■ What to produce
For this exercise, retype the lines from the one that holds "square cheese crackers" through the one that holds "Example of a" in the records below, both included, exactly and without pictures.
○ ○ ○ ○
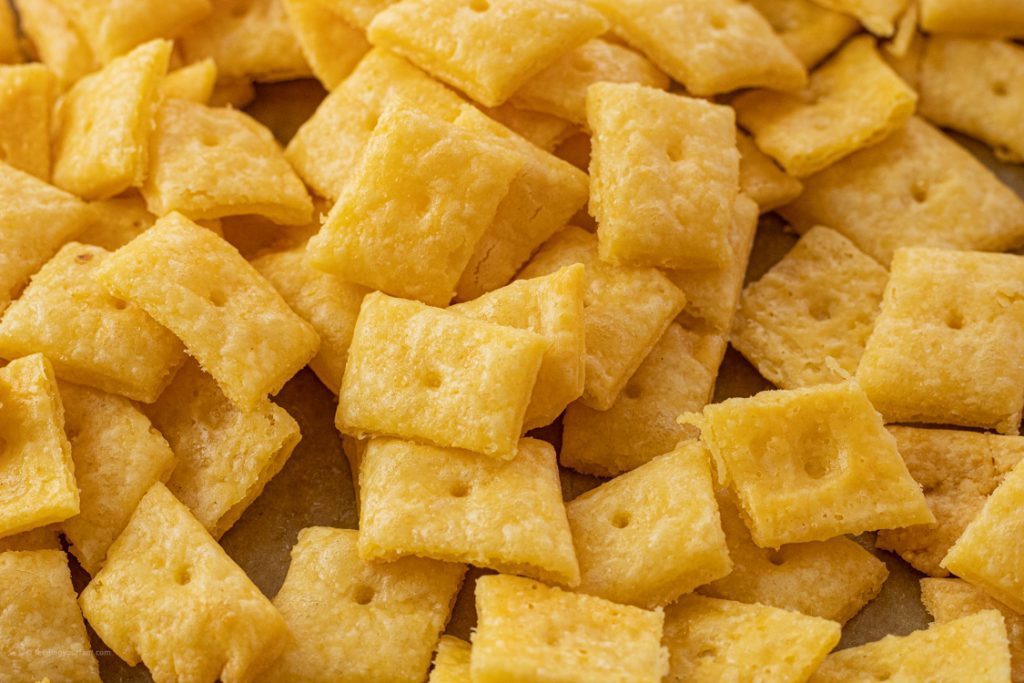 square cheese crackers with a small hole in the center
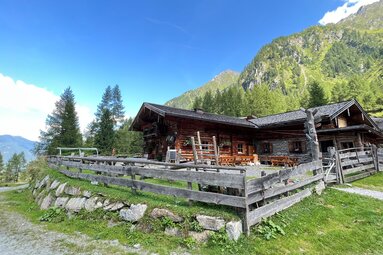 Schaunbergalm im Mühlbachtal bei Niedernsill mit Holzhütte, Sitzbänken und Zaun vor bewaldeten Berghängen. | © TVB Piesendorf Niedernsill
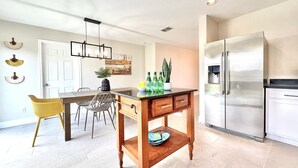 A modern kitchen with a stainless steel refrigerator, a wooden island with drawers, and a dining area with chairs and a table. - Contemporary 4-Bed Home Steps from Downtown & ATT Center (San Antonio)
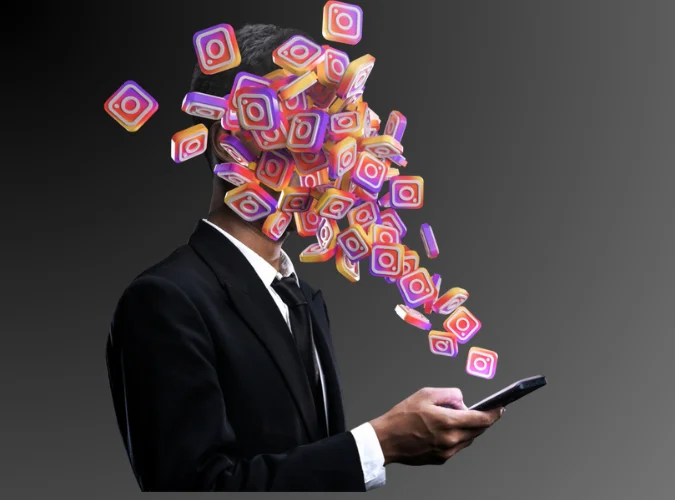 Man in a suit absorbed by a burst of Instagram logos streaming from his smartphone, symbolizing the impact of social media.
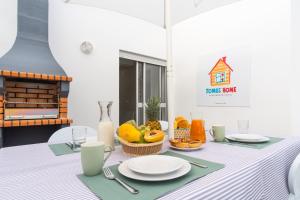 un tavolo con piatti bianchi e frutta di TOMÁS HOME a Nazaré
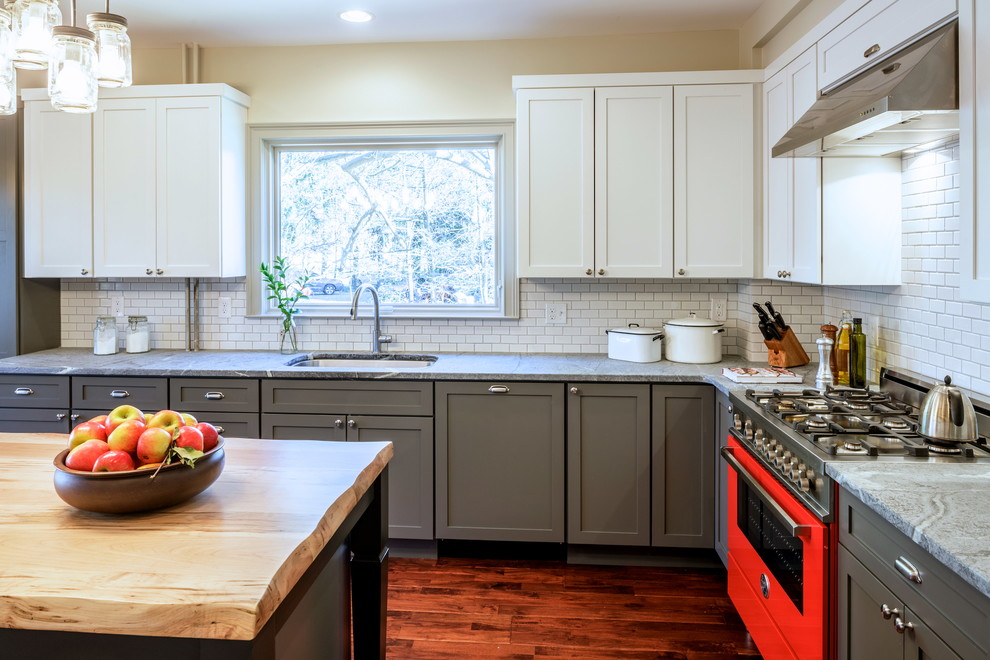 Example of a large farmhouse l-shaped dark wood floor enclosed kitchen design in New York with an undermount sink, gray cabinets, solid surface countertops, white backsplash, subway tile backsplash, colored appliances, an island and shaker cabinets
○ ○ ○ ○
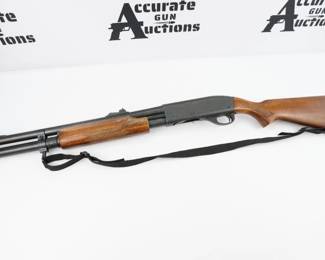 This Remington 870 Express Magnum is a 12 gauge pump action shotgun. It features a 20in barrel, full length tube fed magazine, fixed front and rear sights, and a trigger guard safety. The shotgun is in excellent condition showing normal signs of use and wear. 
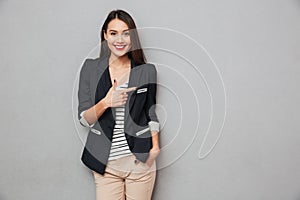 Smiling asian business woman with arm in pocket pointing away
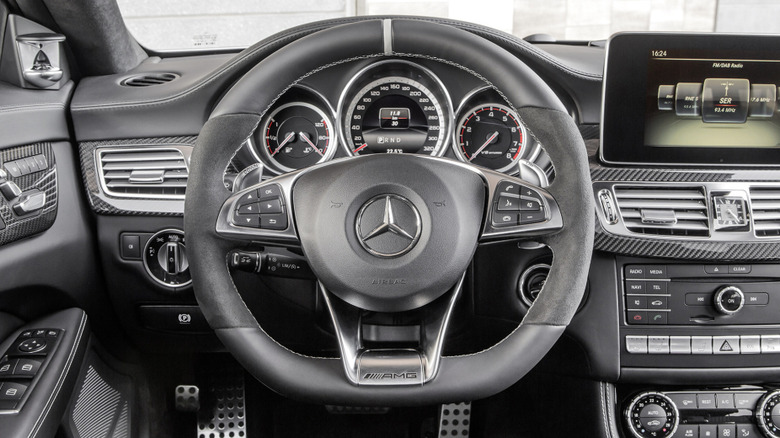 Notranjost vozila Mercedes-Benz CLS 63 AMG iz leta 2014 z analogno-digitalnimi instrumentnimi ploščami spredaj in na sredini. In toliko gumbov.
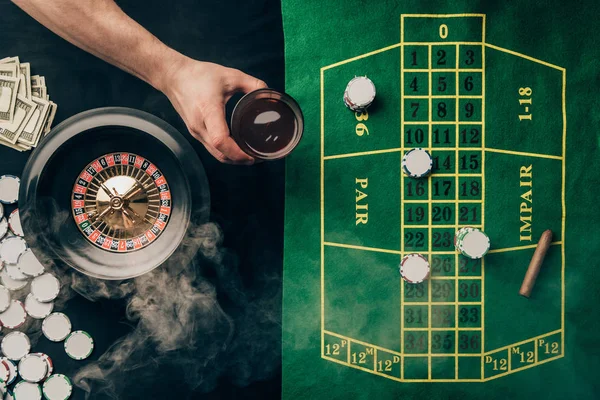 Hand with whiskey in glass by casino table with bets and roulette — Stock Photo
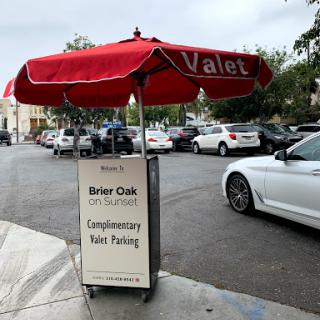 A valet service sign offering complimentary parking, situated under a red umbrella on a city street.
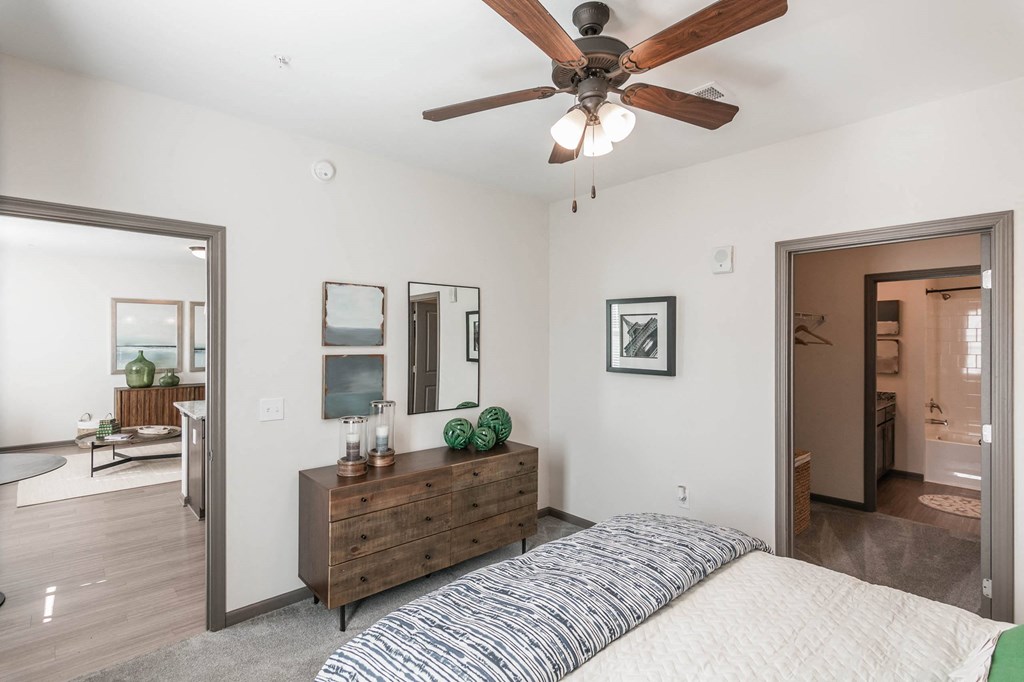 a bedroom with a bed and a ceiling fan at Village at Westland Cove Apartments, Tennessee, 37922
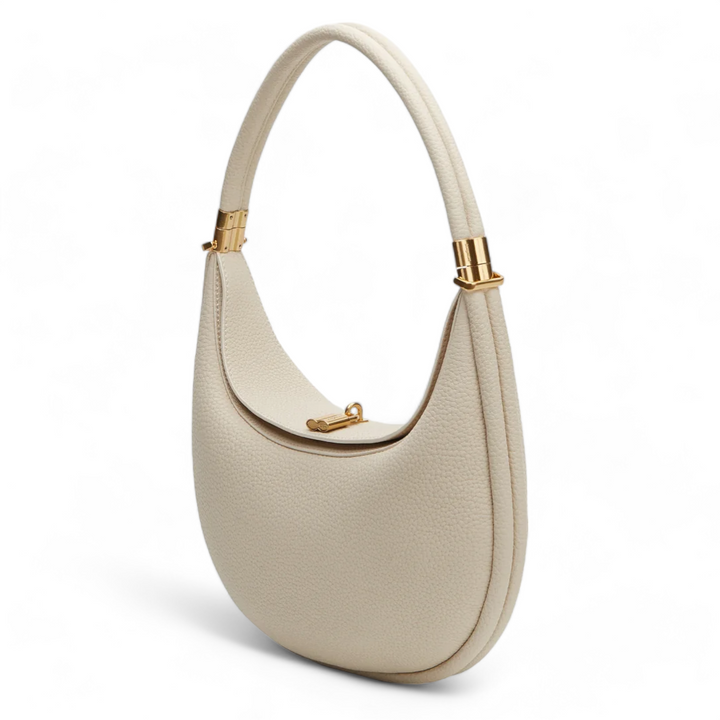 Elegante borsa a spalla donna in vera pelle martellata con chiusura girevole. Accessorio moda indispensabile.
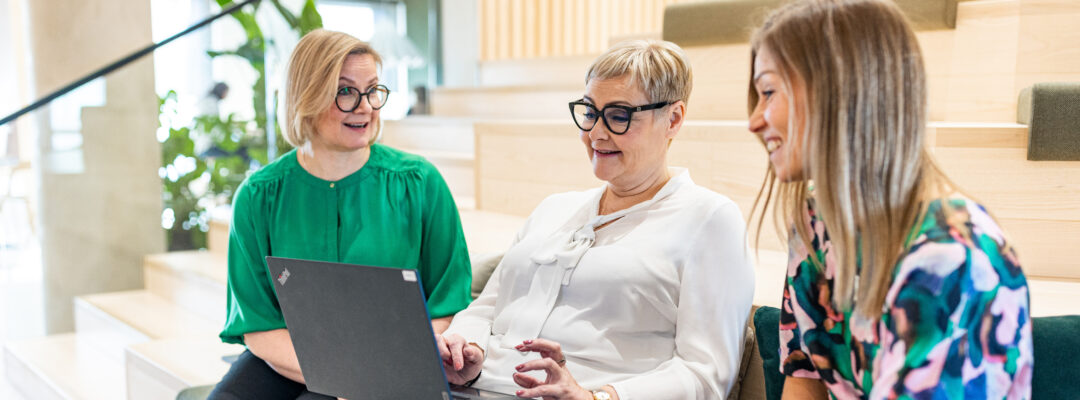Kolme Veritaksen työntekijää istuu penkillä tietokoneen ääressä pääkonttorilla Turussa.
○ ○ ○ ○
■ Response
 square cheese crackers with a small hole in the center
 Schaunbergalm im Mühlbachtal bei Niedernsill mit Holzhütte, Sitzbänken und Zaun vor bewaldeten Berghängen. | © TVB Piesendorf Niedernsill
 A modern kitchen with a stainless steel refrigerator, a wooden island with drawers, and a dining area with chairs and a table. - Contemporary 4-Bed Home Steps from Downtown & ATT Center (San Antonio)
 Man in a suit absorbed by a burst of Instagram logos streaming from his smartphone, symbolizing the impact of social media.
 un tavolo con piatti bianchi e frutta di TOMÁS HOME a Nazaré
 Example of a large farmhouse l-shaped dark wood floor enclosed kitchen design in New York with an undermount sink, gray cabinets, solid surface countertops, white backsplash, subway tile backsplash, colored appliances, an island and shaker cabinets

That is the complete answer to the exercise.